少年が居なくなってようやく動けるようになった私は、図書館の中に入った。その時は幻覚の一種だろうと思った私に、少年の影が幻覚ではなかったことを机の上に置かれてあった伝承本が伝えてくれた。
私はその伝承本を元の場所に戻した。その後、司書室に入って月明かりを頼りに少年からの遺書を読んだ。
「これが読まれている時、僕は死んでいるのでしょうね。司書さん、今までありがとうございました。僕の相談に乗ってくださったこと、僕のことを気にかけてくださったこと、色々なことに対して感謝してもしきれません。そんな優しい貴方に、僕は恋をしています。
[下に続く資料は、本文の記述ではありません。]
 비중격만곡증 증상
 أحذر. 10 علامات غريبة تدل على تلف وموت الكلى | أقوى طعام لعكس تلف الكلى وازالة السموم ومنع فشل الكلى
死後になって言うことではないかもしれませんが、司書さん、貴方のことが大好きです。長谷川豊」
少年の遺書は短く、丁寧にまとめられた文章だった。そして、私が今でも忘れられない文章だ。ほんの少し文章を読んだだけで感動する、という経験は本を無数に読んできた以上、幾度となくあった。しかし、文章を読んでいてここまで胸が締め付けられ、感謝の意が嫌というほど伝わってきたことは、生涯を通して一度もなかった。いや、今後一生訪れないだろう。
少年は、自殺を止められなかった私に救われたような文章で私に感謝を伝えてくれた。そう、本当の意味で救えなかったこの私にだ。私はその遺書を司書室に置いて、その日は眠ることにした。
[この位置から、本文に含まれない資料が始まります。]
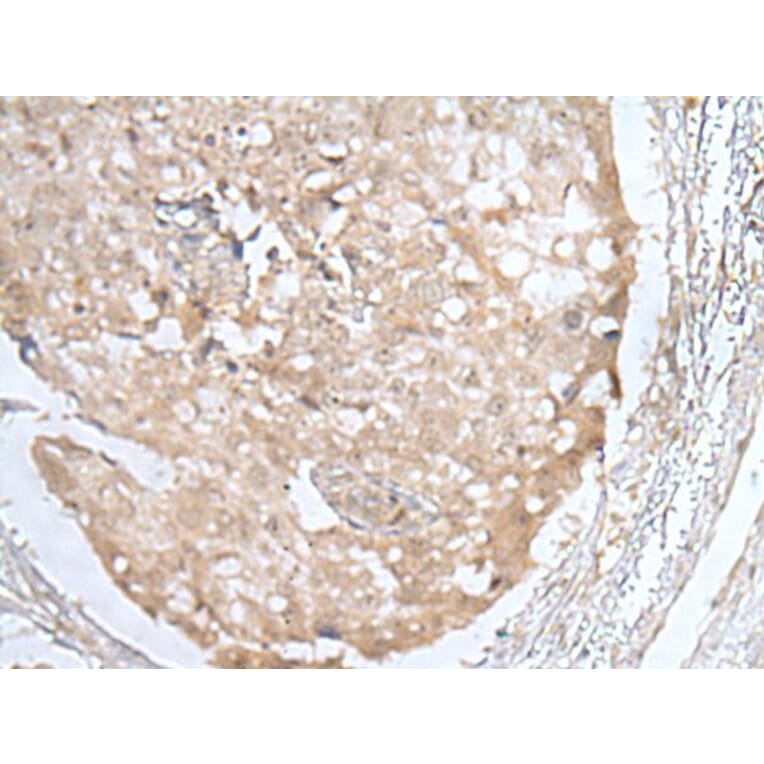 HOXD3 Antibody from Signalway Antibody (43689) - Antibodies.com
私はその日、珍しく夢を見た。少年が図書館に来て、例年通り課題を進めていく姿が、少年と一緒に潮風に吹かれながら昼食を食べる時間が存在したかのように、繊細な色彩を纏って私の頭の中を埋め尽くしてきた。
そんな世界は、一生は続かなかった。目覚まし時計の音が響くと同時に、色彩はすべて失われ、世界も脆く、儚いガラス細工のように崩れ去ってしまった。